MRI is no longer optional in urology. As Dr. Edward Matsumoto, urologist at St. Joseph’s Healthcare Hamilton, put it in his conversations with our product team:
“MRI has become a part of everyday life in Urology.”
Dr. Matsumoto orders MRI scans for his patients daily. He uses the highly detailed scan to plan care and surgical approaches, given the clarity only MRI can provide.
And yet, despite MRI’s central role in diagnosis, most interventional prostate procedures still depend on approximations and subpar ultrasound visualization.
That’s the precision care gap.
How the precision gap affects Dr. Matsumoto’s prostate surgery practice
Dr. Matsumoto specializes in minimally invasive prostate surgery, including robotic-assisted prostatectomy. Like many leading urologists, he routinely leads patients through treatment options after a diagnosis, including surgical options. To help patients make the right choice for their health, Dr. Matsumoto needs confidence in biopsy results, and encounters the limitations stemming from today’s biopsy procedures.
When scanned with an MRI, the lesion(s) within a prostate are clear. But when that image is merged using fusion software with ultrasound images to take a biopsy, the urologist is forced to guess.
That’s because fusion software works off the previously captured MRI image to calculate where a lesion should be, rather than showing the urologist exactly where it is. This make-do compromise means the urologist must guess where to place a biopsy needle within the prostate, an experience we’ve compared to trying to hit the bullseye on a dart board while wearing blurry glasses.
This imprecision limits a urologist’s confidence in the biopsy results—and confidence determines whether minimally invasive treatment options are viable. In this paradigm, biopsy results become uncertain, patient eligibility pools for focal therapy get shallower, and, in many cases, patients get pushed toward whole-gland removal.
The issue isn’t a lack of technology. It’s the disconnect between imaging and where its precision is needed most—the intervention
Glenn™: A robotics platform designed to close the precision care loop
When Dr. Matsumoto saw Glenn™, he immediately understood the shift: “Glenn is designed to be intuitive for urologists. It’s an easy software interface, and I’m impressed by the robot’s range of angles.”
Glenn doesn’t add complexity. It simplifies MRI-guided workflows by closing what we call the Precision Care Loop. By bringing real MRI guidance directly into urologic practice, Glenn creates continuity for urologists and their patients.
Glenn links the three steps that are typically siloed in current practice:
- Diagnosis – MRI-visible lesions are imaged and targeted directly for biopsy, not approximated through fusion.
- Mapping – Every biopsy core is spatially recorded with exact coordinates inside the prostate.
- Pathology and Therapy – Cancer diagnosis results for each biopsy core are mapped to the location where they were obtained from the prostate.

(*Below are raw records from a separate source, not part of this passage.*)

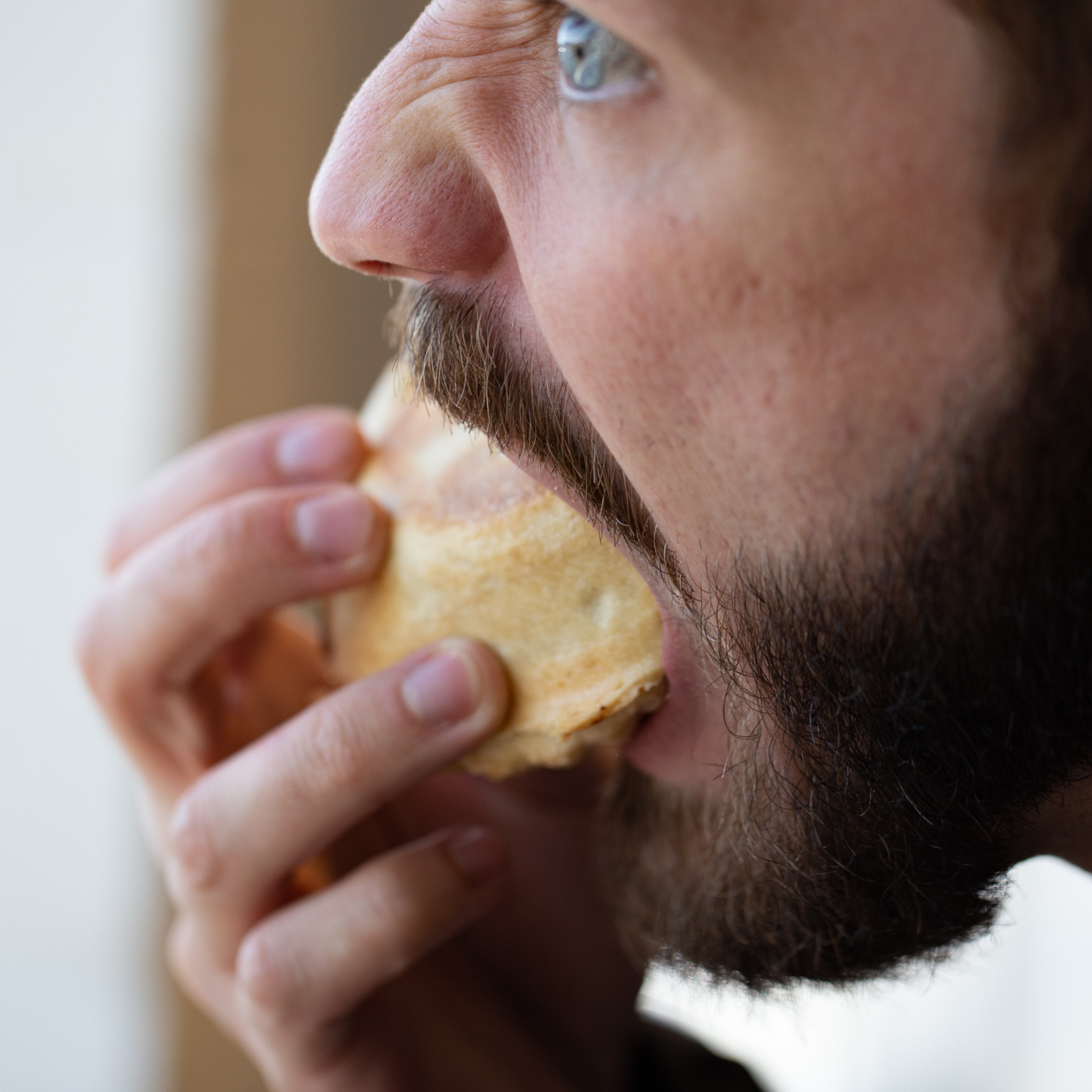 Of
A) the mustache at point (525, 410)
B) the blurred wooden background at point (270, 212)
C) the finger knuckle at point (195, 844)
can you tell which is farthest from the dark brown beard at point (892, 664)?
the blurred wooden background at point (270, 212)

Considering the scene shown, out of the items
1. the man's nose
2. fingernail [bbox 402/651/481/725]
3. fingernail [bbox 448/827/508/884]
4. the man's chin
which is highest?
the man's nose

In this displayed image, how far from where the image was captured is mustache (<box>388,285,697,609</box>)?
1.52ft

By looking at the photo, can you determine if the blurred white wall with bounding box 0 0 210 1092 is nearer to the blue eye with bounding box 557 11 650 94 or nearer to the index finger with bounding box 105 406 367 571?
the index finger with bounding box 105 406 367 571

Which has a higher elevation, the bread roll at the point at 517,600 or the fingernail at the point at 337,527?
the fingernail at the point at 337,527

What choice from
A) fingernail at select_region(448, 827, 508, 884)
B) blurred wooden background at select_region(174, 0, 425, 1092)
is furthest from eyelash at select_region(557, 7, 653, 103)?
blurred wooden background at select_region(174, 0, 425, 1092)

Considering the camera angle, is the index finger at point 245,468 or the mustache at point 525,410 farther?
the index finger at point 245,468

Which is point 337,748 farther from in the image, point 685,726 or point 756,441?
point 756,441

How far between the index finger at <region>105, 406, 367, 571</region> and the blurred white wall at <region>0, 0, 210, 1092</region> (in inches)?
27.1

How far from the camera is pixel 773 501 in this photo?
1.35 ft

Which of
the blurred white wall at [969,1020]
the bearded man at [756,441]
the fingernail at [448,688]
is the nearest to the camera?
the bearded man at [756,441]

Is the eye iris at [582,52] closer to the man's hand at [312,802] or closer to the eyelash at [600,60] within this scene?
the eyelash at [600,60]

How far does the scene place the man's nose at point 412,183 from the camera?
17.8 inches

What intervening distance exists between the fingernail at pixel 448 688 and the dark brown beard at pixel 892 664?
0.15 meters

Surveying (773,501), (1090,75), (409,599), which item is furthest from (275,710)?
(1090,75)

With that specific map, those same coordinates can guide focal treatment, ensuring energy is delivered precisely where cancer was confirmed.

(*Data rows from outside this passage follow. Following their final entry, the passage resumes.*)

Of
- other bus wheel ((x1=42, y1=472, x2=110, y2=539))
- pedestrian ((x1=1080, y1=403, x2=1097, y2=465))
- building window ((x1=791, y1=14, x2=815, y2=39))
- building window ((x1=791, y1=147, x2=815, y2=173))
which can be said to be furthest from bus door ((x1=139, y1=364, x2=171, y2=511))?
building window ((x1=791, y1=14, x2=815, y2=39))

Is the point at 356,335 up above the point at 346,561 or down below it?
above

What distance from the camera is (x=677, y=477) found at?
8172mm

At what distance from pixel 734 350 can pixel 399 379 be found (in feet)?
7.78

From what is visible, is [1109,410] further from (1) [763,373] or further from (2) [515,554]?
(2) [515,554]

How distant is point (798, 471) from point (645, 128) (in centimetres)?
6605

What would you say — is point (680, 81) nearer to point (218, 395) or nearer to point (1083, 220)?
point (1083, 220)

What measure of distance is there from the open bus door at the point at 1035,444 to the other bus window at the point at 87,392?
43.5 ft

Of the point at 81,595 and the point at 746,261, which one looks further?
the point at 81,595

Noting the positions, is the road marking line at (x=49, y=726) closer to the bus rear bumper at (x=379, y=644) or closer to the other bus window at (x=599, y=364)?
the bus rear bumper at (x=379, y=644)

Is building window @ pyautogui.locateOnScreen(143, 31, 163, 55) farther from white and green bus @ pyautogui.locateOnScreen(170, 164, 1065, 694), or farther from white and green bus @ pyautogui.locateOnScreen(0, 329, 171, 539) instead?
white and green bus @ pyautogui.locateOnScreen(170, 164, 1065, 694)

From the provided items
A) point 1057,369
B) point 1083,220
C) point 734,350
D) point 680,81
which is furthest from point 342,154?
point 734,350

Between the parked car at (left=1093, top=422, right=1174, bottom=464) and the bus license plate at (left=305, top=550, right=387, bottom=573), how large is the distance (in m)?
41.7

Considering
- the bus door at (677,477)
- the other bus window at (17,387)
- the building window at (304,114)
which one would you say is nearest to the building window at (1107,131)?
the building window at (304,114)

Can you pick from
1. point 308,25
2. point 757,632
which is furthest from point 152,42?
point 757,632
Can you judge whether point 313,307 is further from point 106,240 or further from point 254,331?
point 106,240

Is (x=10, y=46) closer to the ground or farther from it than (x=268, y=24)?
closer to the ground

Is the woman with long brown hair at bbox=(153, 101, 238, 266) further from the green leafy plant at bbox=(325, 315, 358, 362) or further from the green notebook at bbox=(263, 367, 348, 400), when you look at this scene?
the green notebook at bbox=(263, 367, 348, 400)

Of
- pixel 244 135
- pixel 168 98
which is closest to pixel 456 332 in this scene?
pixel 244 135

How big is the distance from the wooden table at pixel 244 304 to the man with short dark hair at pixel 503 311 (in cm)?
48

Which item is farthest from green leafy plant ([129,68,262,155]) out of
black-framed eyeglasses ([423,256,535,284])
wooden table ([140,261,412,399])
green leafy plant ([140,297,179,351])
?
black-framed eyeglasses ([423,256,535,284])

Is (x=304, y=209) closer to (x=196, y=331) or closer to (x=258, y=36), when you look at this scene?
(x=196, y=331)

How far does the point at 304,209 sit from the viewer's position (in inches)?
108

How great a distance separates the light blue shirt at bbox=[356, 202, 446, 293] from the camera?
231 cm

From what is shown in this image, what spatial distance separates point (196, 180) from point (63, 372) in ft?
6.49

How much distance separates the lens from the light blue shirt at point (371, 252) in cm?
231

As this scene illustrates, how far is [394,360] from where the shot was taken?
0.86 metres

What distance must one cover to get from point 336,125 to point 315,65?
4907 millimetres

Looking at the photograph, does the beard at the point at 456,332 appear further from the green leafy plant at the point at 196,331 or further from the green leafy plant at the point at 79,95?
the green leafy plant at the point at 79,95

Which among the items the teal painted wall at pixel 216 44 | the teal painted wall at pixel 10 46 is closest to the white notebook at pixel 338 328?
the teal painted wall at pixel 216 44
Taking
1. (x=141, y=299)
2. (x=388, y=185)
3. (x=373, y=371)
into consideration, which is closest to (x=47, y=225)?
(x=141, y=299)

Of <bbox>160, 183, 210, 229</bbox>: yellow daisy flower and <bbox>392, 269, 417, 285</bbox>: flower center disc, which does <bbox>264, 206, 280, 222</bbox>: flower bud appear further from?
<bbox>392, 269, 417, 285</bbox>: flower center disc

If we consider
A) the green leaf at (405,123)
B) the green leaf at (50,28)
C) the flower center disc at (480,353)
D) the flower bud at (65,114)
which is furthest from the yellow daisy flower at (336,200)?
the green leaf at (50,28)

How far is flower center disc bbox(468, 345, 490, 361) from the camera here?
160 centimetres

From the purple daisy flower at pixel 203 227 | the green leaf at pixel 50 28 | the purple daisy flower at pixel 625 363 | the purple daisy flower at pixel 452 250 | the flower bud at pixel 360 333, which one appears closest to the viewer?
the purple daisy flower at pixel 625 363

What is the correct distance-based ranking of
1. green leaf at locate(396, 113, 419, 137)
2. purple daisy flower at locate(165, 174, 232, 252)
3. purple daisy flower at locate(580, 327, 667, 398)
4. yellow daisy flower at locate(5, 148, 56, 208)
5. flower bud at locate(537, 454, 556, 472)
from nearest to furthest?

Instead of guessing, urologists can see exactly where they are, where they’ve been, and where they’re going across the entire care pathway.

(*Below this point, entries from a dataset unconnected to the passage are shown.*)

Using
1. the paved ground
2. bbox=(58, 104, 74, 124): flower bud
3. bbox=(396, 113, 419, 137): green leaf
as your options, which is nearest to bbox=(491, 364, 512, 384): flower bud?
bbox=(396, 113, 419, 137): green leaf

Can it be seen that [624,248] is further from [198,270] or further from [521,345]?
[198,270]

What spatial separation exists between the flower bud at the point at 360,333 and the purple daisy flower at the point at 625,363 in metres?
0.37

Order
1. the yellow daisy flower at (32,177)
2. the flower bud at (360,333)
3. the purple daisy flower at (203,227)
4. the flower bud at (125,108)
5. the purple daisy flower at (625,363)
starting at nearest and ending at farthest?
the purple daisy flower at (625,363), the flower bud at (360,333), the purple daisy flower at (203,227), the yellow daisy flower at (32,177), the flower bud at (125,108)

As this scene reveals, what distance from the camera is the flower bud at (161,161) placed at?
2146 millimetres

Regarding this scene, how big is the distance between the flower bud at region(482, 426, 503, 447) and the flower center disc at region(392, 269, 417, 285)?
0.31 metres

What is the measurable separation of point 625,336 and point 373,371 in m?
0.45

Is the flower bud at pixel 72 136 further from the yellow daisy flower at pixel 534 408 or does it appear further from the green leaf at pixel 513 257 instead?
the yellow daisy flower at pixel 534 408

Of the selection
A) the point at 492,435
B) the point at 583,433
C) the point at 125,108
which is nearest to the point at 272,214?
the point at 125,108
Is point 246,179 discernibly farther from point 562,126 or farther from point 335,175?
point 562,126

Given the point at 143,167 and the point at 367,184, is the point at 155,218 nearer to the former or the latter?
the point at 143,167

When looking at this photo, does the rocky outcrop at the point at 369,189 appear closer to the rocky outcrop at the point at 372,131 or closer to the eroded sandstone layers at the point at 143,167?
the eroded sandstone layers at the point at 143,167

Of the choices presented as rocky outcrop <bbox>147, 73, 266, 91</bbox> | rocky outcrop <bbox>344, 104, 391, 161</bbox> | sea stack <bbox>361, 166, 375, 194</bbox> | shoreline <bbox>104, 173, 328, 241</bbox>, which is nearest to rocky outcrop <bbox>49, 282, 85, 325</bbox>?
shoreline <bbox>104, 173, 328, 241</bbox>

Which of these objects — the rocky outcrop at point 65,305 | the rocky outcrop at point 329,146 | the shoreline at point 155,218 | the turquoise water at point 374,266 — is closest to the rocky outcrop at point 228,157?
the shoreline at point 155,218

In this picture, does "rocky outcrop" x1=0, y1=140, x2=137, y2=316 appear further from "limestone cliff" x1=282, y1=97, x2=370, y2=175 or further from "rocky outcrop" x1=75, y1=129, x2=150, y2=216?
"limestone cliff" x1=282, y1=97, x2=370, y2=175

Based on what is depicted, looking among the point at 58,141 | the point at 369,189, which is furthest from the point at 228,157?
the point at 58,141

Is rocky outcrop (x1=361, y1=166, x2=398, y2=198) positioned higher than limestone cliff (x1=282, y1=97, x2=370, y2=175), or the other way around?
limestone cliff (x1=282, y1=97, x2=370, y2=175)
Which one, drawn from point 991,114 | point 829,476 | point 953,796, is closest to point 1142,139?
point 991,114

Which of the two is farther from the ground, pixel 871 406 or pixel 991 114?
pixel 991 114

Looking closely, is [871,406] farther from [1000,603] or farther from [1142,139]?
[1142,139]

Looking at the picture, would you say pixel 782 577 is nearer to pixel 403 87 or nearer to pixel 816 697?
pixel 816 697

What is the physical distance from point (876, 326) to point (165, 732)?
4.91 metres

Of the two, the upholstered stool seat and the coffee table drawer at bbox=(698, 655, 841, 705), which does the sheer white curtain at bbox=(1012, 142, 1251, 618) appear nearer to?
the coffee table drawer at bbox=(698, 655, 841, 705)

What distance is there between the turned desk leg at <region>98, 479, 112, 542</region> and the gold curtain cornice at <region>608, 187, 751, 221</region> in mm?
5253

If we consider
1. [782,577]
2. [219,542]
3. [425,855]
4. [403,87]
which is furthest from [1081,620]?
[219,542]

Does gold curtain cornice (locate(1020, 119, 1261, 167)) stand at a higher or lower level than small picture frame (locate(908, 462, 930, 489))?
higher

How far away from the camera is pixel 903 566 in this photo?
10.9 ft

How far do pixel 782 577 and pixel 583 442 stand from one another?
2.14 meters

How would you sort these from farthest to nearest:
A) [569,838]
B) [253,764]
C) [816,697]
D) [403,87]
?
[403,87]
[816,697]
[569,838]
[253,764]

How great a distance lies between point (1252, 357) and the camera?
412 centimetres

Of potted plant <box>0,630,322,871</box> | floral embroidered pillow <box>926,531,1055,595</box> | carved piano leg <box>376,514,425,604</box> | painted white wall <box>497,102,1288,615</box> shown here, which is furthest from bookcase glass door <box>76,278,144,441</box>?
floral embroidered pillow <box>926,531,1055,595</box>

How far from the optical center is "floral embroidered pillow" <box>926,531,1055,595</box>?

That shift—from approximation to continuity—radically changes what’s possible.
Why continuity matters for the future of prostate cancer care
Focal therapy is the logical next step in minimally invasive prostate cancer treatment. But adoption has been constrained by uncertainty. Dr. Matsumoto can see what happens when that uncertainty disappears:
“On focal, it will be a game changer and may be a challenger to da Vinci robotic prostatectomies.”
That’s not to dismiss surgical robotics, but more to recognize that as upstream precision improves, treatment decisions evolve with greater certainty. Whole-gland prostate removal runs the risk of life-altering side effects. Closing the precision care loop builds the certainty required to clear more patients for focal therapy, which will in turn decrease the number of patients with no recourse beyond whole prostate removal.
MRI has already transformed how prostate cancer is diagnosed. The next shift is making that same imaging power fully accessible to urologists during intervention, without adding friction, complexity or workflow disruption.
We’re designing Glenn to make it easier to shorten procedure time, automate trajectory alignment, and integrate with existing MRI systems. We want to make interventional MRI more practical for hospitals that balance scanner use between diagnostics and interventions.
And, as Dr. Matsumoto notes, when it comes to adoption: “easy is good.”
—Glenn™ is under development for prostate applications and not yet FDA cleared for that indication in the U.S.